Glove manufacturers will likely be able to pass on the higher costs to clients in September, according to MIDF

by SULHI KHALID / pic by MUHD AMIN NAHARUL

LISTED glove manufacturers are expected to experience minimal impact from the recent gas price hike by Gas Malaysia Bhd as the companies have a cost pass-through mechanism with their customers, said analysts.

Glove makers like Top Glove Corp Bhd declined five sen to RM4.68, while Hartalega Holdings Bhd fell seven sen to RM5.15 and Kossan Rubber Industries Bhd dropped two sen to RM3.98.

Supermax Corp Bhd also dipped two sen to RM1.61 yesterday, on the increase in the average natural gas price of 5.37% or RM1.74 to RM34.12 per million British thermal unit for the non-power sector yesterday.

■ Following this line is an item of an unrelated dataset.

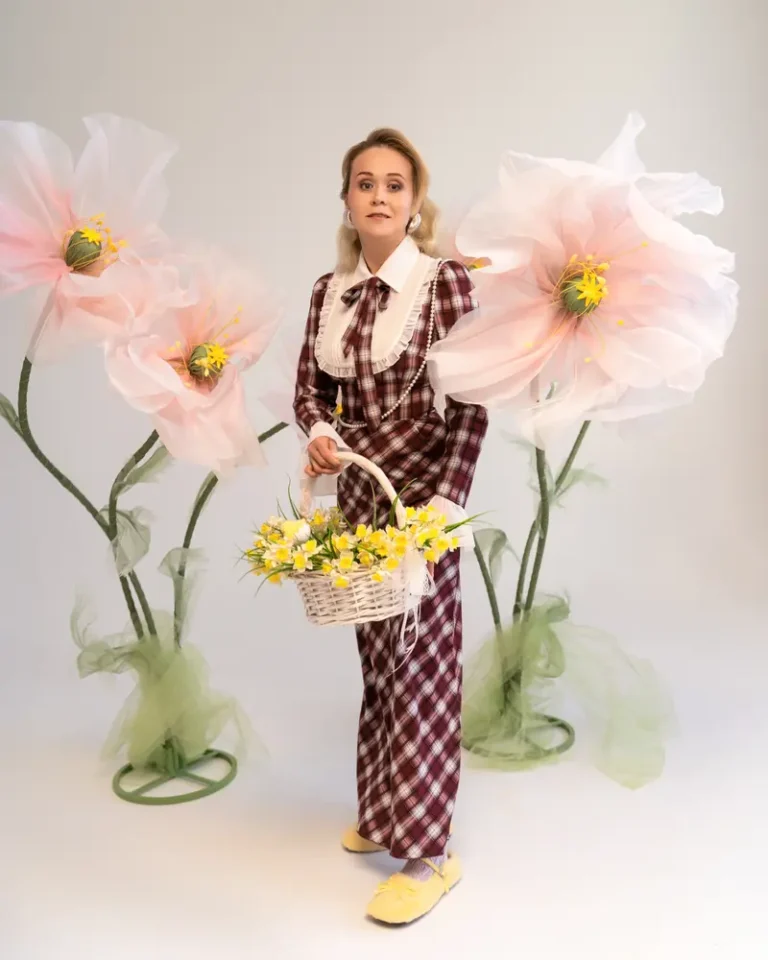 Alena Tokareva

“On average, natural gas makes up circa 10%-15% of total operating costs. Raw materials like latex and nitrile still make up the majority of total costs at circa 45%,” AmInvestment Bank Bhd equity research analyst Nafisah Azmi said.

Glove makers will likely be able to pass on the higher costs to clients in September, and in the meantime, the financial impact is forecasted to eat up to 5% of earnings in the third quarter, MIDF Research said in a research note yesterday.

Following the news, Gas Malaysia rose two sen to RM2.93 per share yesterday, valuing the company at RM3.77 billion.

The natural gas price, like the electricity tariff, is reviewed by the government every six months.

The main concern of glove makers — as far as analysts are concerned — is the market pressure on pricing, due to rising production capacity, which is eating into margins.

“To keep operating costs at bay, glove manufacturers are actively looking at ways to reduce the escalating cost of energy and labour by improving plant efficiency with automation,” an analyst at MIDF said.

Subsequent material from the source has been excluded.